Web page caption snippets:

######

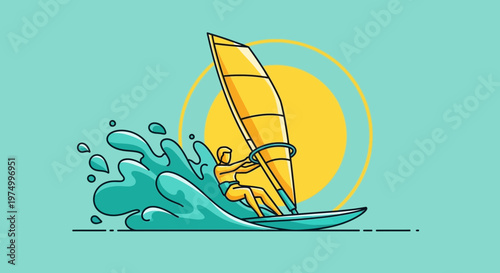 Dynamic Windsurfer Riding Ocean Waves Under Bright Sun Minimalist Vector Art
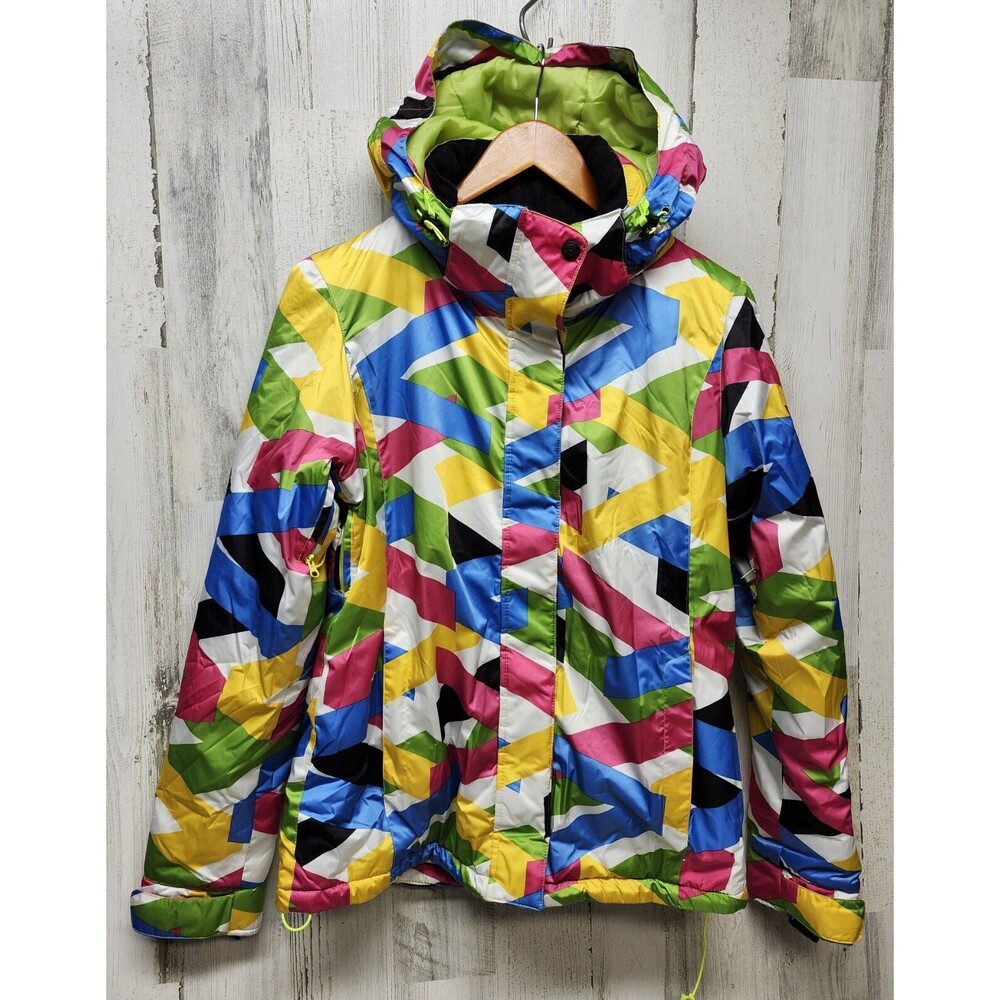 Cinmerlin Jacket Women S Geometric Colorful Windproof Waterproof Snowboarding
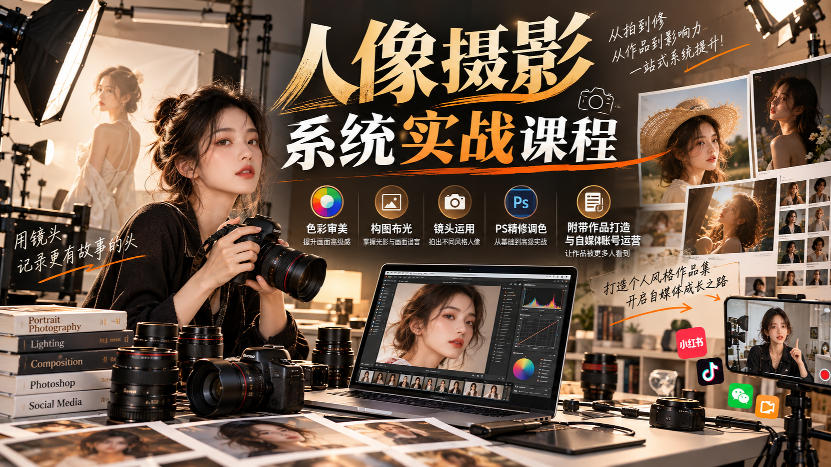 【无水印】人像摄影系统实战课程,色彩审美、构图布光、镜头运用、PS精修调色,附带作品打造与自媒体账号运营-星阳网创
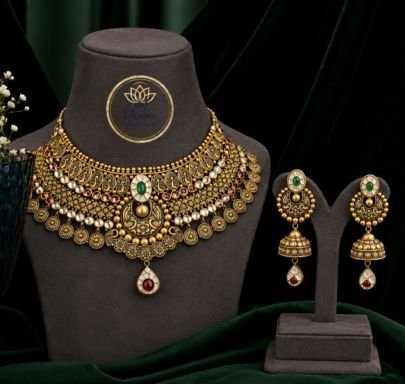 Divine Jewellery Antique Coin Pearl Layered Necklace Set with Jhumka Earrings | 92.5 Silver Gold Plated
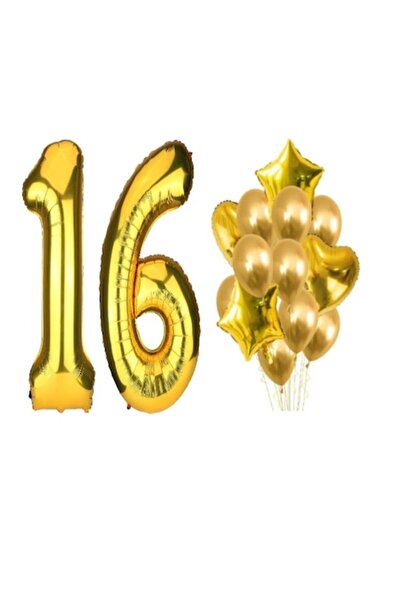 OEM Set 16 baloane aurii, aniversare 16 ani, numărul 101 101 cm, stele 45 cm,...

######

Word for word, restate the records shown above, minus the pictures.

 Dynamic Windsurfer Riding Ocean Waves Under Bright Sun Minimalist Vector Art
 Cinmerlin Jacket Women S Geometric Colorful Windproof Waterproof Snowboarding
 【无水印】人像摄影系统实战课程,色彩审美、构图布光、镜头运用、PS精修调色,附带作品打造与自媒体账号运营-星阳网创
 Divine Jewellery Antique Coin Pearl Layered Necklace Set with Jhumka Earrings | 92.5 Silver Gold Plated
 OEM Set 16 baloane aurii, aniversare 16 ani, numărul 101 101 cm, stele 45 cm,...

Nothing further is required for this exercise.